Le problème, c'est la fausse indépendance, lot commun des travailleurs employés par les plateformes. De façon parfaitement concordante, d'ailleurs, partout en Europe et même pour partie aux États-Unis, toutes les cours de justice saisies adoptent la même position : elles reconnaissent le caractère factice de cette indépendance, constatent le lien de subordination, et requalifient les contrats de travail – parfois, dans certains pays, en masse.
Ce que vous proposez, c'est, comme l'écrit de façon très nette Mme la rapporteure, de « réduire le faisceau d'indices susceptibles de révéler l'existence d'un lien de subordination » ; vous rendez ainsi plus difficile la requalification par le juge.
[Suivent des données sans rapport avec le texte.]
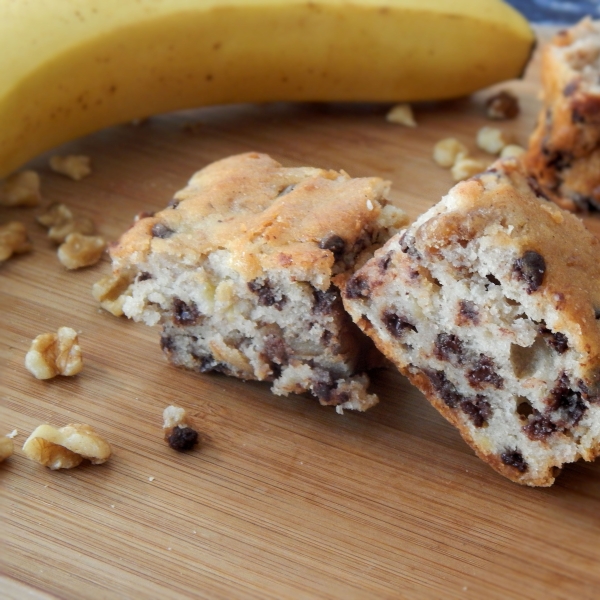 Spiced Chocolate Chip Banana Cookie Bars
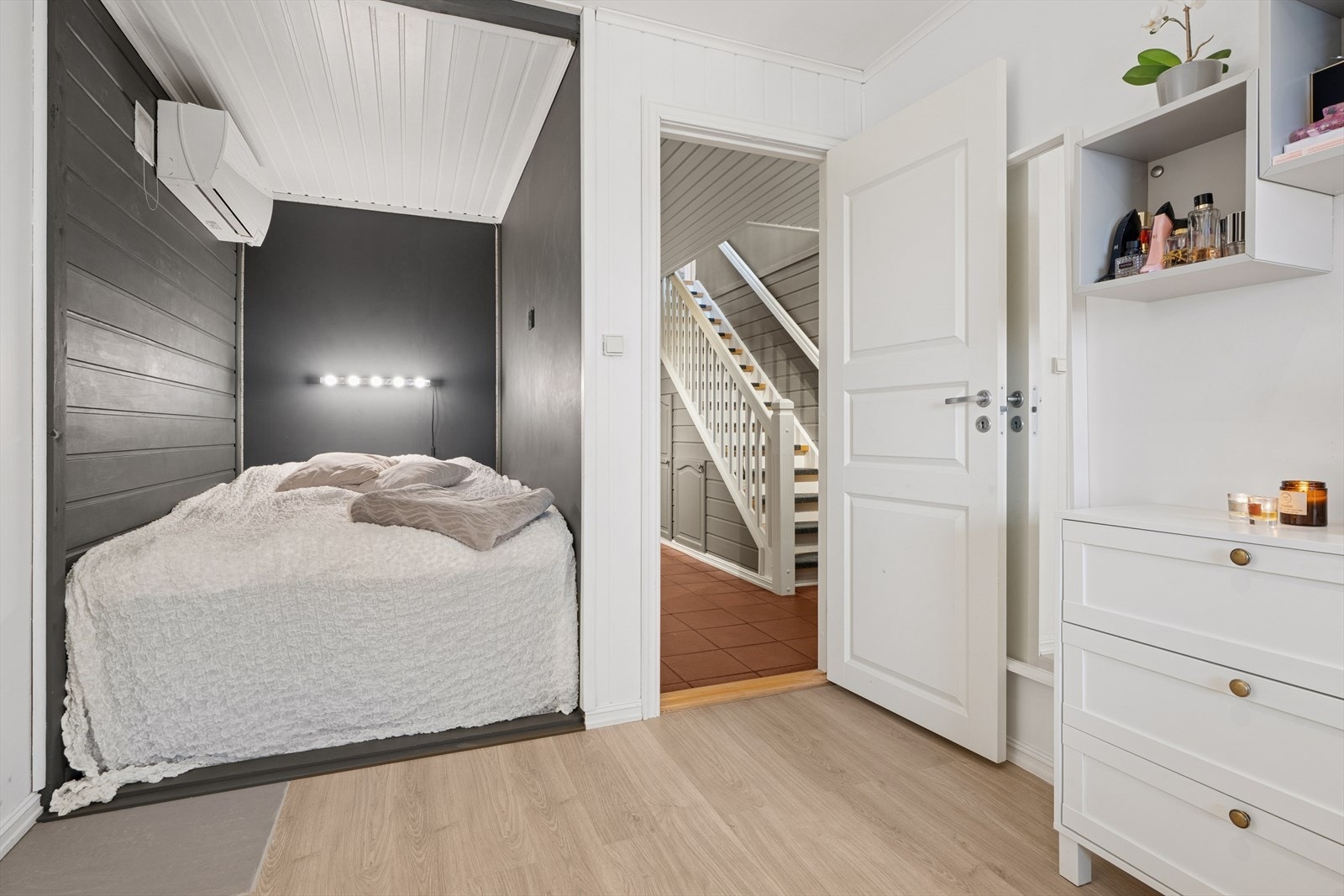 Soverom 3 beliggende i U. etasje. Opprinnelig inntegnet soverom med adkomst fra hall/gang er laget større enn inntegnet ved at deler av hall/gang er inntatt i rommet. Galleribilde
Instaurer une présomption de salariat ne revient pas à considérer automatiquement tous les employés des plateformes comme des salariés : ils doivent toujours mener une démarche positive, devant un tribunal. Si quelqu'un veut continuer à jouir d'une indépendance fictive et renoncer à faire valoir son droit, il en a la possibilité ! Mais aujourd'hui le rapport de force est tellement faussé que la présomption de salariat et l'inversion de la charge de la preuve permettraient de rétablir un équilibre. Vraisemblablement, beaucoup de ces travailleurs décideraient de mieux protéger leurs droits et leur activité professionnelle, afin de pouvoir vivre dignement – ce que ne propose pas du tout votre texte.
Quand le lien de subordination aura été rompu par quelques améliorations, il n'y aura plus rien à négocier ! Vous aurez créé, de fait, un tiers statut qui apparaît déjà dans les modalités du dialogue social, qui n'existe nulle part, qui n'est qu'une invention de cette ordonnance.